Omar Chabán era el dueño del boliche República Cromañón, lugar donde esa noche se presentaba Callejeros, también era el dueño de Cemento. Cromañón, que había sido habilitado como un local bailable, contaba con una media sombra en el techo, cubriendo una capa de goma espuma que intentaba aislar el sonido. Este material poliuretánico inflamable fue el que, al tomar contacto con una candela proveniente de una bengala, comenzó a emanar el ácido cianhídrico que fue el principal causante de las muertes de los chicos y las chicas que estaban esa noche en el tercer y último recital de Callejeros del año. Ciento noventa y cuatro pibxs.

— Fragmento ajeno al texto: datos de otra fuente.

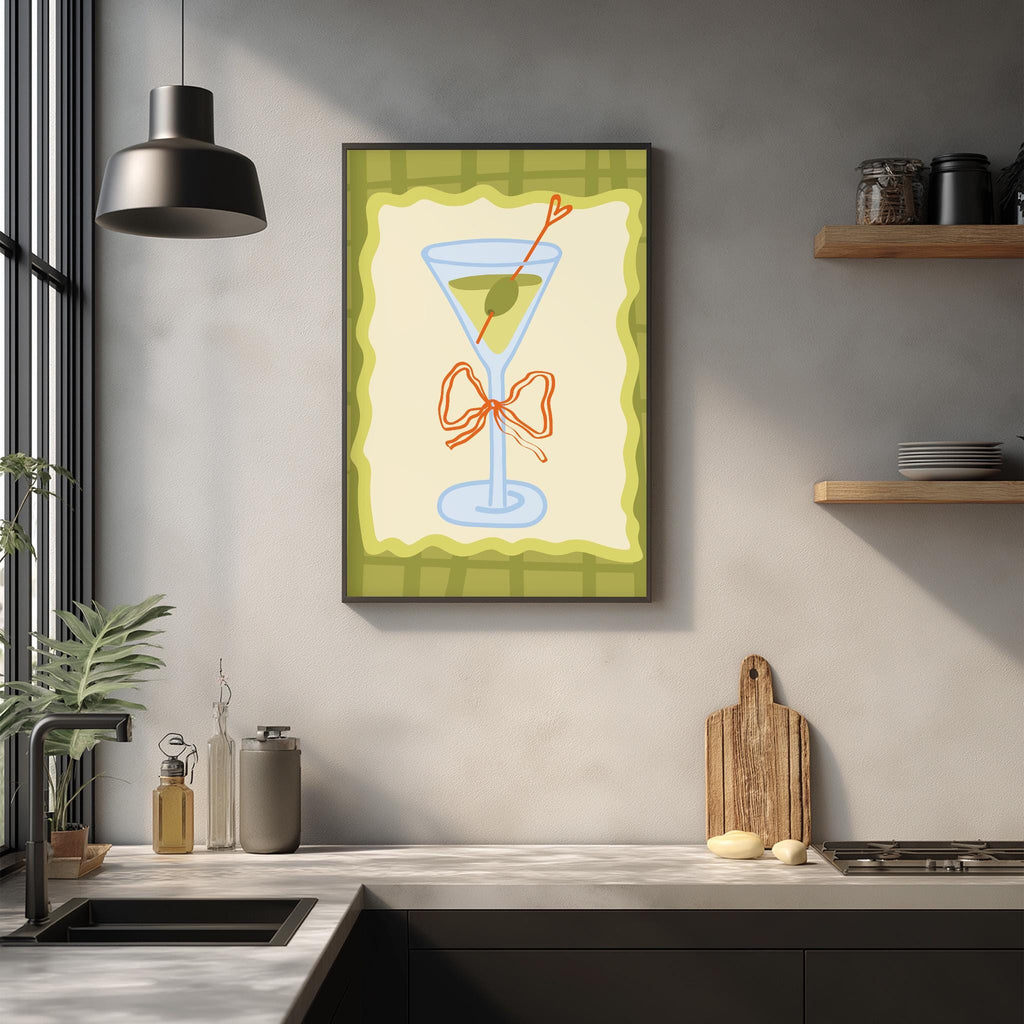 a kitchen counter with various items, including a framed picture of a martini glass, a wooden cutting board, and a potted plant.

Cabe mencionar, y esto lo puede afirmar cualquier persona de entre 30 y 40 años que haya vivido la cultura del Rock entre los ´90 y los 2000, que el tema de las bengalas circulaba en todos los recitales. ¿Era seguro? No. Pero aquel rockero que diga que en sus conciertos no había bengalas, está mintiendo. Y, como público, también es importante responsabilizarse por aquello que se presenció y se disfrutó sin ningún tipo de duda. Cientos de veces, esa luz nos estremeció alumbrando nuestros rostros transpirados y sonrientes. Pero esta vez, fue diferente.

La cantidad de asistentes esa noche, superaba lo permitido por la habilitación del Gobierno de la Ciudad de Buenos Aires. Salidas de emergencia bloqueadas, matafuegos vencidos y un local completamente oscuro, automáticamente después de iniciado el incendio. Tampoco funcionaban los extractores de aire. El cartel luminoso de “Salida” llamaba, pero no, no se podía salir. Recién una hora después del incendio, desde afuera, lograron abrir esa puerta.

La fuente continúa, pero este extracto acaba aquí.